Zacuto is an American company that creates, rents, and sells gear needed for filmmaking, videography, and photography. The company was founded in 2000. Located in the River North neighborhood of Chicago, Illinois, Zacuto manufactures its camera accessories in the United States.

==Product Developers==

===Jens Bogehegn===
Bogehegn studied at Columbia College Chicago as a film major. Since 1985, Bogehegn has been a professional cameraman and has worked on numerous projects as a Steadicam owner/operator from 1988 through 1998. As a member of IATSE Local 600, Bogehegn's union credits include: The Untouchables (TV), Wayne's World 2 and U.S. Marshals. His independent credits include: The Oprah Winfrey Show, Watch It and Cosmic Voyage (IMAX). In 1988, Bogehegn began working with Steve Weiss as a director of photography and camera operator. Together, Bogehegn and Weiss worked on over 600 productions together in the corporate, commercial and political video industries before starting Zacuto in 2000.

===Steve Weiss===
Weiss has created and worked in many niche markets like; historical videos for Fortune 500 companies, video news releases, new product releases and interviews with CEOs and politicians.
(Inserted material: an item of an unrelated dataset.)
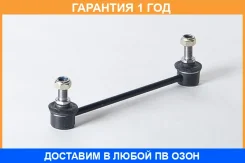 ���� ������������� ������ ASVA / 1223TS �������� 12 ��� 1223TS ����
In 2000, Weiss formed Zacuto with Jens Bogehegn. Weiss and Bogehegn have also produced numerous webisodic films and series at Zacuto. Their web series The Great Camera Shootout 2010 was the first web series to win an Emmy Award for excellence in informational programming.

==Original programming==
Zacuto produces original programming for entertaining and educating individuals in the video, film and photography industries. These videos include interviews with leaders of the film and photography industries on topics such as event videography, filmmaking, cinematography, directing, sound, lighting, documentary, DIY filmmaking, and more. Zacuto has received Emmy nominations and awards for its original programming (Midwest Chapter).